How I got involved 

“Why did you get involved?” people often ask, and my answer is always the same - to share my experiences, make a difference (no matter how big or small) and encourage others to speak out themselves. It began when I signed up in April this year and I am pleased to say the last six months have included some of the best experiences of my life! 

Through following someone in the mental health community online, I came across a tweet regarding Time to Change. Something about it intrigued me, so I decided to check out the website. Within minutes of looking, the countless opportunities and stories I encountered made me incredibly inspired and motivated to get involved.

Mental illness is something I have personal experience of and so I believed it would be a perfect way to make a change for the better and channel my negative emotions into something more positive and worthwhile. Once signed up, I decided to email and meet my local coordinator in the Blackpool Hub and find out more about how exactly I could be involved.

Training and meetings

I attended a number of  Time to Change training sessions, all of which have been useful and allowed me to gain a better understanding of how to approach campaigning, better engage with people when doing events in the community and meeting with local partners and organisations. The social contact training was very good because it made me feel better prepared in running events and more confident in having conversations with people about mental health.

Our hub partnership meetings have also been very useful in meeting people in the community with a passion or interest in mental health and a good chance to discuss where we can work together to campaign and change attitudes to mental health

My role in the hub

Once I became involved I was asked to promote the hub via social media, in the form of Facebook and Twitter, to increase interest in Time to Change Blackpool and what we do. Having seen a massive rise in interaction on the page, it is clear the page is gaining more attention and that people in the area are starting to take more notice and place more importance on mental health.

Much of what we post is around sharing our events and YouTube channel and we have noticed it has been a positive tool in increasing discussions among people and encouraging more people to share their stories, about their own experiences with mental health problems, without feeling ashamed. Although it has been largely positive, we have had some negative comments and it has been nice to see people challenging those beliefs on our page!

Hub activities

One of my first ideas was to hold an “in your corner” roadshow whereby we would go into community spaces locally and talk to people about mental health. I had previously saw the in your corner ad online and so we decided to buy some stools and paint them like in the posters.
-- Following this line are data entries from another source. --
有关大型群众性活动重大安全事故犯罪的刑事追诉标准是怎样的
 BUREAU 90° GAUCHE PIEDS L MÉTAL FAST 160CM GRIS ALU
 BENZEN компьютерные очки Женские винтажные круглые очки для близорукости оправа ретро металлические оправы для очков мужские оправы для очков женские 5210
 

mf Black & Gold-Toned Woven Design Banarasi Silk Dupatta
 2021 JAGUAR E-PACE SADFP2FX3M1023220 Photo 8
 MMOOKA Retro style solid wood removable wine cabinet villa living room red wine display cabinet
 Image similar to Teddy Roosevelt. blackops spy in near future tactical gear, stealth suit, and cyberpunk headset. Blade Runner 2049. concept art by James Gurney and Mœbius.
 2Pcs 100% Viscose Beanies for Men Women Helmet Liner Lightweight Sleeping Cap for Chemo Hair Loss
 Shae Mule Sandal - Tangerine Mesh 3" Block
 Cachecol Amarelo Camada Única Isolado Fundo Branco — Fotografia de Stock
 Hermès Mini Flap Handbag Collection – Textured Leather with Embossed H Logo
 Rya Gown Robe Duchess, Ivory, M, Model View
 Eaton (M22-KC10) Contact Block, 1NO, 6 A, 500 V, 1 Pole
In the space of one week, we visited a park, cinema, health centre, college and pub.

Although our success was varied across each venue, it was hugely rewarding and satisfying to hear people’s stories and have more discussion and engagement with different types of people around mental health. It was also useful to learn new things about campaigning, particularly in the forms of location and times and knowing how better to approach planning something similar in the future.

Should we do another roadshow in the future, I hope to do something “bigger and better” by visiting more venues and using interactive activities to engage with more people. With some people there was a reluctance to approach us and I think it is important to use things to draw people over!

Setting up a Champion Campaign Group

With World Mental Health Day fast approaching I decided to set up a champions campaigning group in our local area. I posted about this on our social media platforms to get people to join. The group now runs every two weeks on a Thursday night for an hour and the purpose is for champions to meet, share and discuss ideas about what we could do locally to challenge stigma.

A local partner Horizon has a number of Time to Change champions and we now have a regular group of four or five people attending the meet-up and contributing ideas. Horizon, a local drug, alcohol and sexual health support service, that have been very active in promoting the time to change brand through events and have very much been a massive help in driving what we do throughout the local area.